> _Your instructions_
When you reach the line containing "Three doors with", repeat that line and each one after it exactly until the records end, leaving out pictures.

> _Provided records_
........
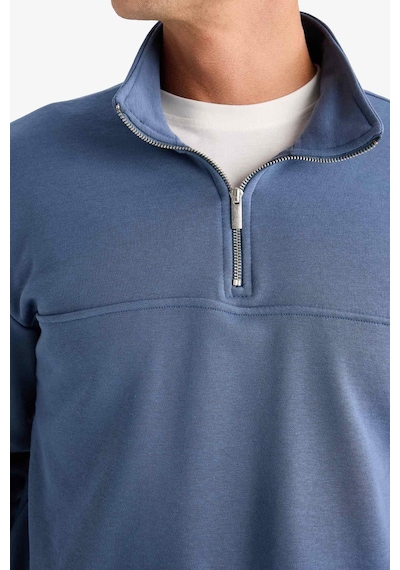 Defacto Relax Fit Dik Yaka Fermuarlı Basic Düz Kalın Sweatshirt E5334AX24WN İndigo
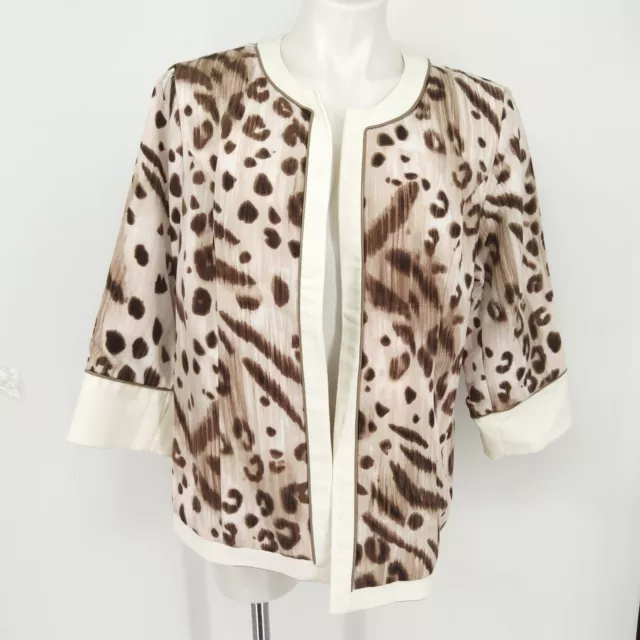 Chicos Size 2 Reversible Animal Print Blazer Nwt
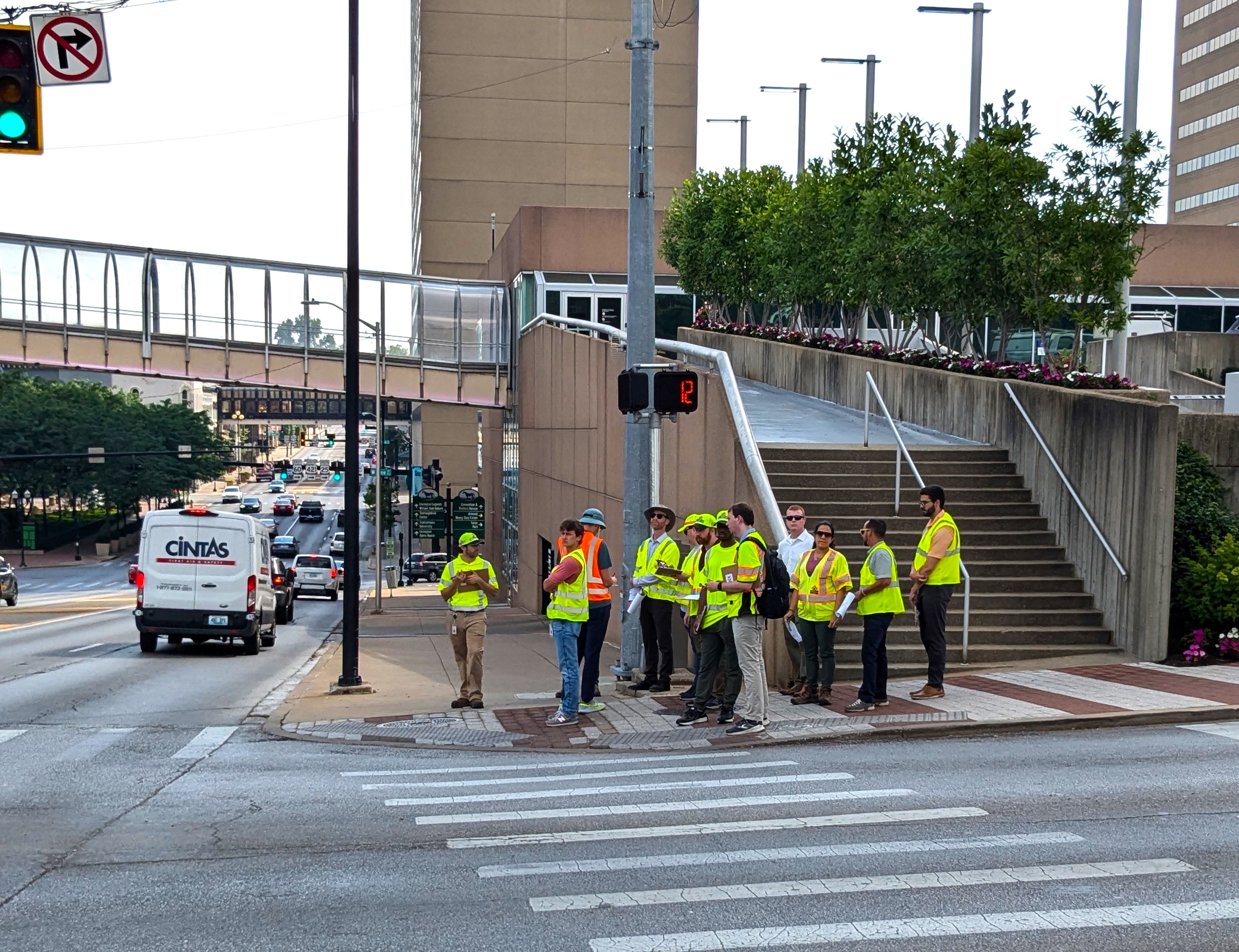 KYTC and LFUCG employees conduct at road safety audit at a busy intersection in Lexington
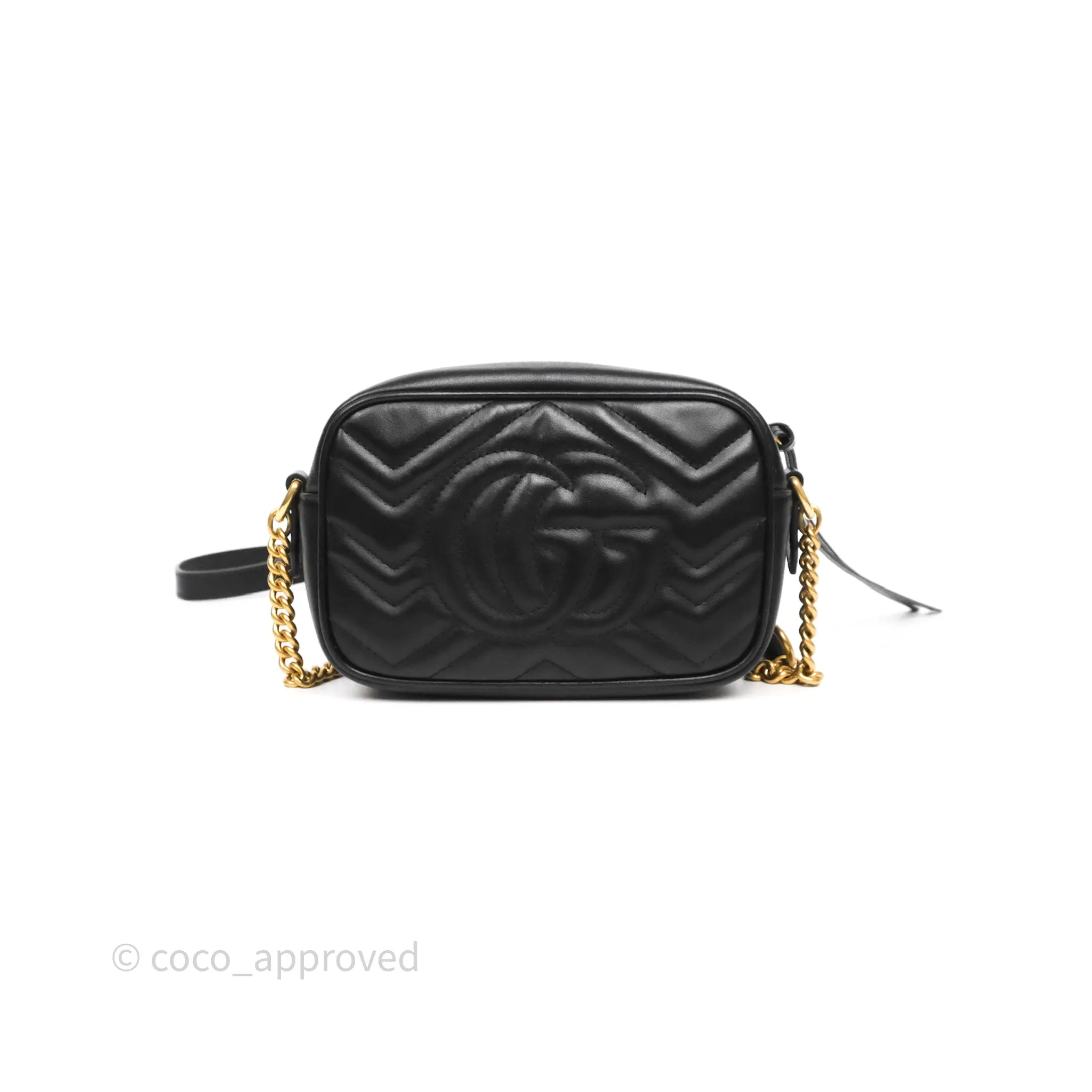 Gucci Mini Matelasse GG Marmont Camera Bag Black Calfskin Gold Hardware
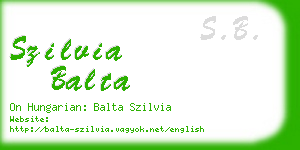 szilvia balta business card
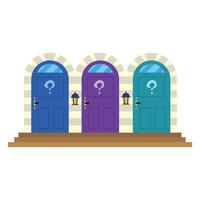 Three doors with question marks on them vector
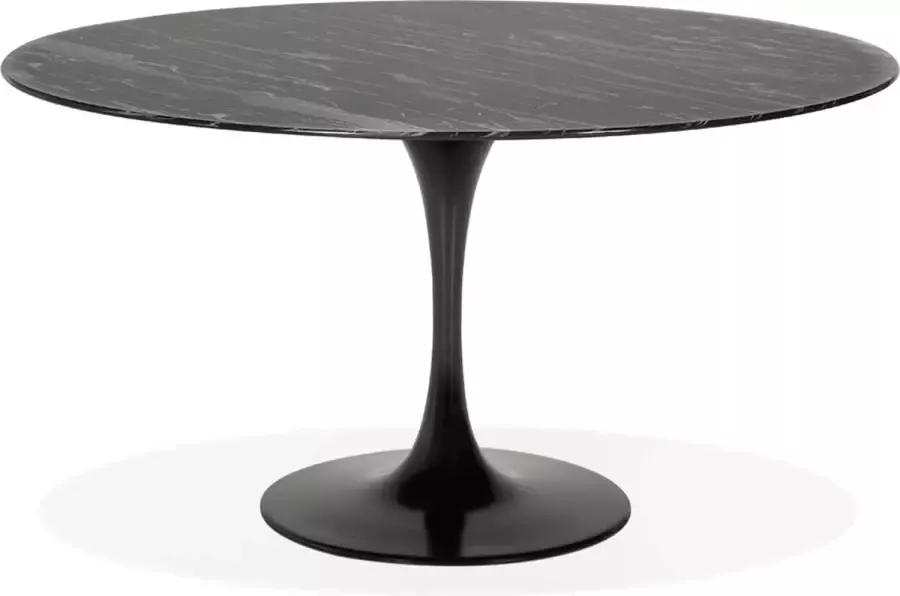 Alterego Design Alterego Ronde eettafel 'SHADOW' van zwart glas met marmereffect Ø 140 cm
........
> _Solved exercise_
 Three doors with question marks on them vector
 Alterego Design Alterego Ronde eettafel 'SHADOW' van zwart glas met marmereffect Ø 140 cm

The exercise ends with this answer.